#file-io #async-io #io #parallel #async-parallel #io-write #async

par_io

无需依赖项的并行、异步文件 I/O 库,可控制内存使用

3 个不稳定版本

0.4.2 2023 年 6 月 17 日
0.3.8 2022 年 6 月 2 日
0.3.7 2022 年 6 月 1 日

排名 405异步 类别

BSD-3-Clause

52KB
675

par_io 并行 I/O 库

一个简单的库,无需依赖项,用于并行读取和写入文件,实现生产者-消费者模型。

在读取器和写入线程内部使用对 preadpwrite 的同步调用来传输数据。

不使用异步运行时,因为实际的文件 I/O 是同步的,任务分配和执行由库通过直接调用 Rust 的 threadmpsc API 控制。
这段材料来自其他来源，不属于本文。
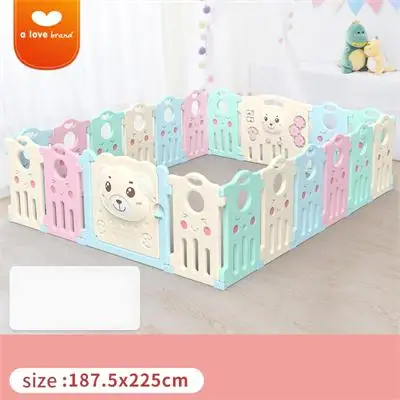 HDPE забор для детских игр, 22 штуки, большой забор для игр, Детская безопасность, для дома, для семьи, для малышей, для игры в бар, защитное ограждение, игрушка - Цвет: 18 plus 2 pink bear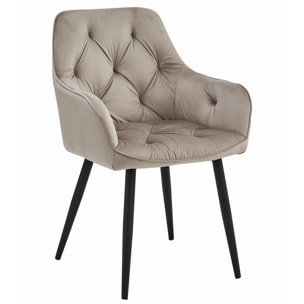 Sedia Jork Velvet con braccioli in velluto beige e gambe nere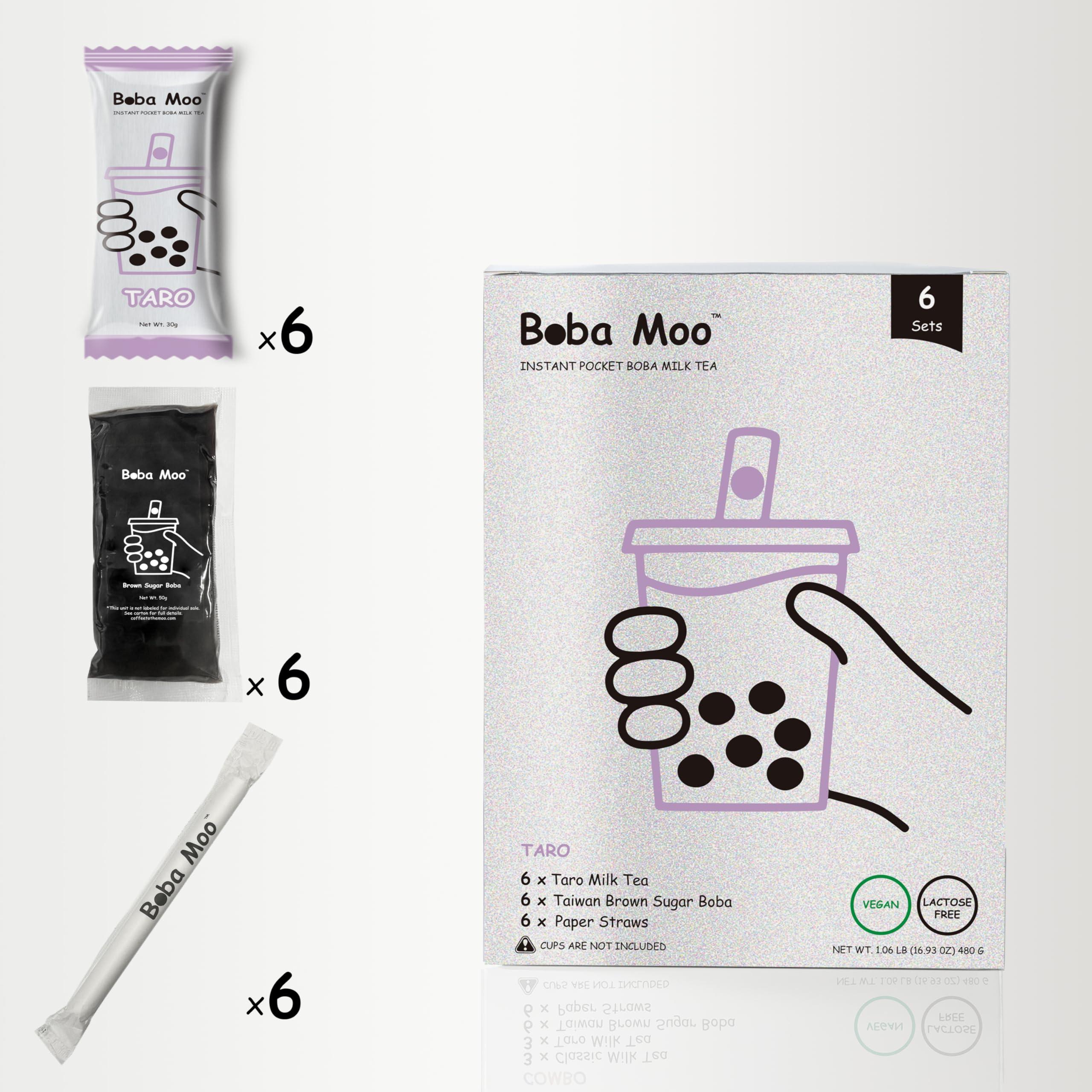 Boba Moo Boba Moo Premium Boba Tea Kit With Taro Milk Tea Flavor - Only 10,000 Kits Yearly, Small Batch Bubble Tea Kit With Exceptional Taste & Chewiness, Vegan, Lactose-Free, 6 Servings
Fn 类型对象由客户端代码传递给库,并由生产者或消费者线程调用以生成或消耗数据。

内存缓冲区仅创建一次并在生产者和消费者之间重用,因此缓冲区创建之后不会发生内存分配,除非在客户端代码提供的回调对象中执行。

总内存消耗等于

客户端代码中分配的内存 +

(缓冲区大小) x (每个生产者的缓冲区数量) x (生产者数量)

当每个生产者只提供一个缓冲区时,消费者必须等待生产者发送缓冲区,生产者必须等待消费者发送缓冲区回来,因此每个线程的生产者-消费者执行是同步的。

当每个生产者使用多个缓冲区时,消费者可以在消费者处理它时生成数据,并从单独的缓冲区中读取,因此可以实现完整的异步执行。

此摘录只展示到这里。